Working data:
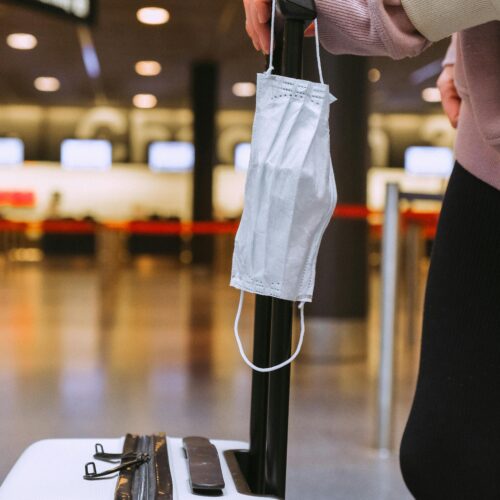 Face Mask on Luggage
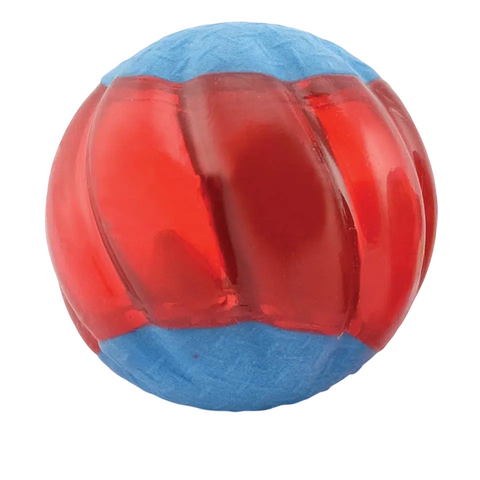 Zeus Duo Ball Dog Toy With Squeaker Large 6.3cm 2pk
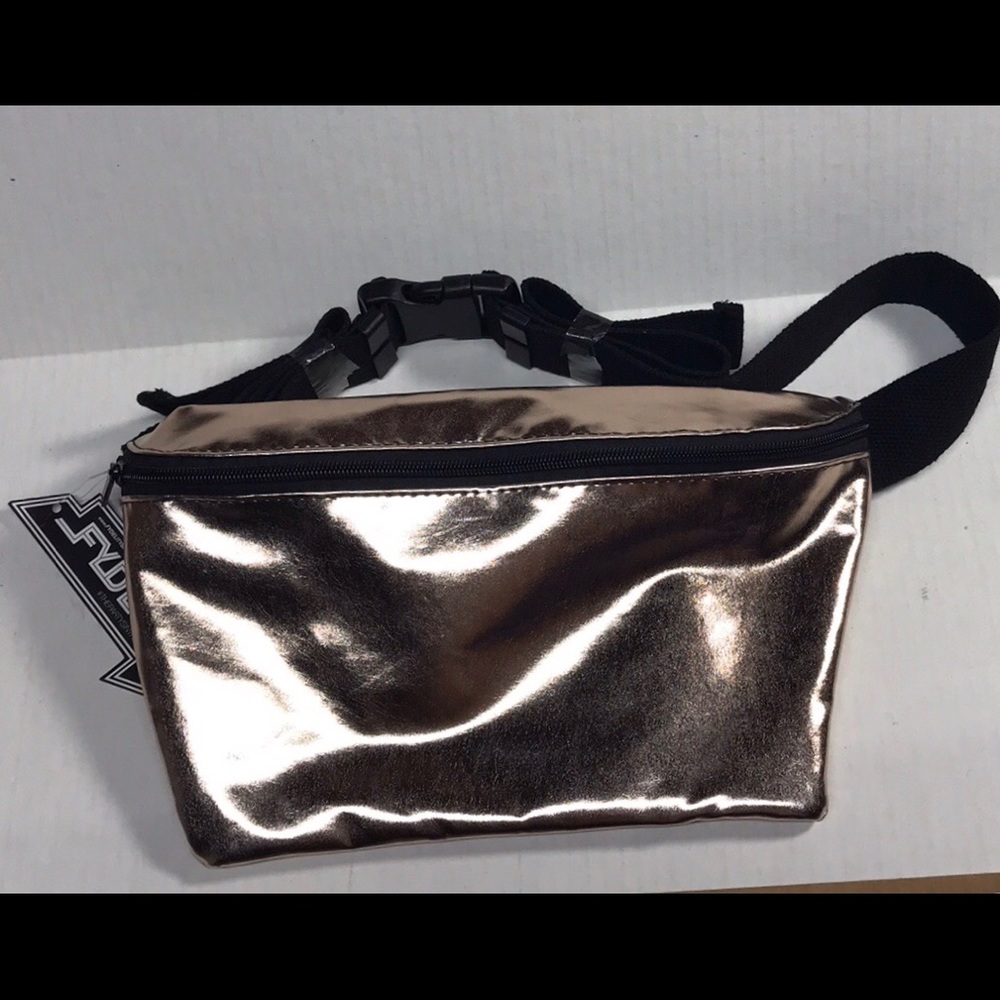 Fydelity XL ultra slim fanny pack,Cross body Gold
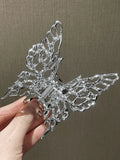 Hollow Out Butterfly Large Hair Claw- Outfit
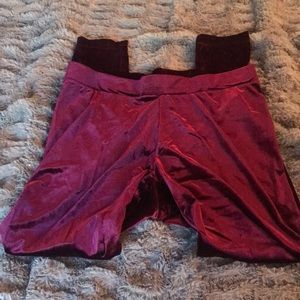 Velvet leggings XL burgundy ON super soft/stretchy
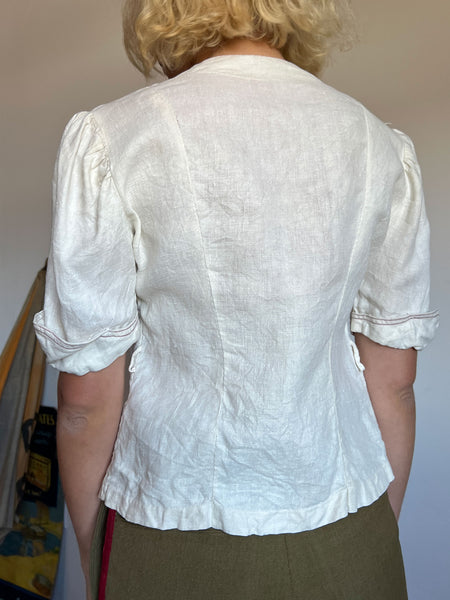 Vintage 1930's Linen Blouse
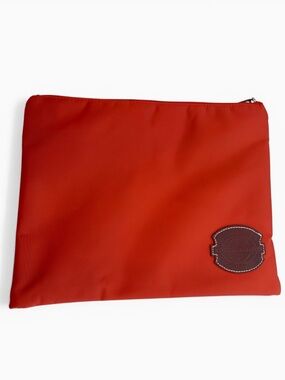 Pebble Beach Red Laptop Sleeve with Brown Patch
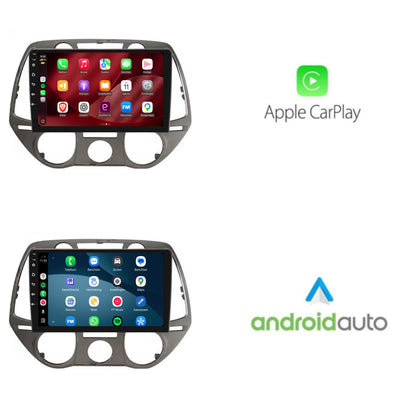 Hyundai i20 CarPlay & Android Auto Radio | 2008 bis 2014 | 9 Zoll | Android 15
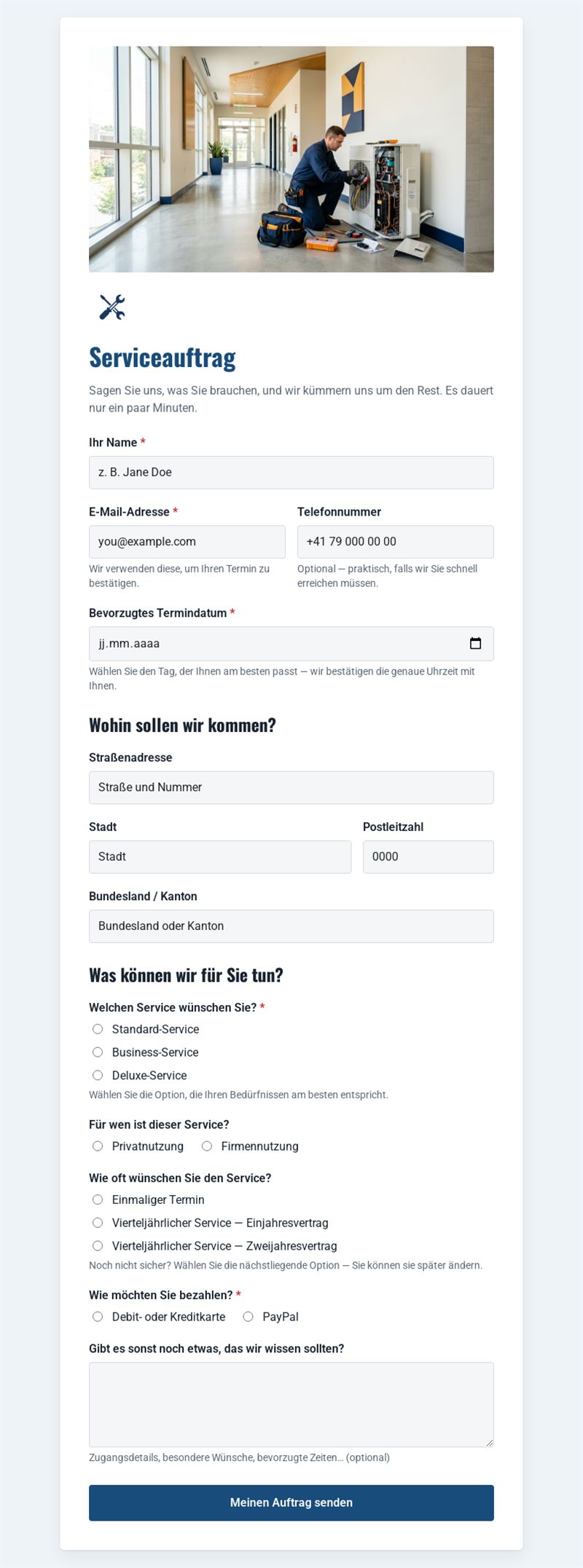 Arbeitsauftrag Ticket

Work to be completed: Only the lines from the one containing "Hyundai i20 CarPlay" through the final line of the data are to be written out, exactly as they stand and without pictures.

Result of the exercise:
 Hyundai i20 CarPlay & Android Auto Radio | 2008 bis 2014 | 9 Zoll | Android 15
 Arbeitsauftrag Ticket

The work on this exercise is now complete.